_EXERCISE GOAL:_
Beneath this line is the data. Output exactly the lines from the line with "At the end of" to the line with "If they ask", both ends included, and nothing more.

Saved entries
++++++++++
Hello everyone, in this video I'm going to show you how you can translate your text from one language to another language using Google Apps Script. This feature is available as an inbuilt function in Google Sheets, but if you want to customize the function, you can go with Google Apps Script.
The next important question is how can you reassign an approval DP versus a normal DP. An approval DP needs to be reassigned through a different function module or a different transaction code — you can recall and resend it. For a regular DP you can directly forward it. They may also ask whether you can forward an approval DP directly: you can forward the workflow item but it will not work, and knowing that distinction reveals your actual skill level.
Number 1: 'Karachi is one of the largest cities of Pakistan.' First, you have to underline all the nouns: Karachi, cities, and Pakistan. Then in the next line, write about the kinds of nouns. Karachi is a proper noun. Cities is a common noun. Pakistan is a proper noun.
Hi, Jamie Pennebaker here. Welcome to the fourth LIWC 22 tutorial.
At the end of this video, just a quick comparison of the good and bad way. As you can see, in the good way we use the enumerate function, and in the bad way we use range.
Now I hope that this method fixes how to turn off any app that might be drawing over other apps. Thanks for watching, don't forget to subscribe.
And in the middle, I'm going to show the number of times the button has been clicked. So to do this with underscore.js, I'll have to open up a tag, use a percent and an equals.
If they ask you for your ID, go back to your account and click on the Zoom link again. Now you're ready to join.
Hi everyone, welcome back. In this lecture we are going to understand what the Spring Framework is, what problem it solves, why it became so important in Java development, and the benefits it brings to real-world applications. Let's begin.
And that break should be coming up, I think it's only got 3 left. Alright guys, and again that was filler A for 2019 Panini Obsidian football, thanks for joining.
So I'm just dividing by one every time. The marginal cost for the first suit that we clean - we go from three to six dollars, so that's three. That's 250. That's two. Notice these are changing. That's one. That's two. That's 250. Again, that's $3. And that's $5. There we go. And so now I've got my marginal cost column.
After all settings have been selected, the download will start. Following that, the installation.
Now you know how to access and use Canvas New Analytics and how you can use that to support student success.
++++++++++
_SOLUTION TO THIS PROBLEM:_
At the end of this video, just a quick comparison of the good and bad way. As you can see, in the good way we use the enumerate function, and in the bad way we use range.
Now I hope that this method fixes how to turn off any app that might be drawing over other apps. Thanks for watching, don't forget to subscribe.
And in the middle, I'm going to show the number of times the button has been clicked. So to do this with underscore.js, I'll have to open up a tag, use a percent and an equals.
If they ask you for your ID, go back to your account and click on the Zoom link again. Now you're ready to join.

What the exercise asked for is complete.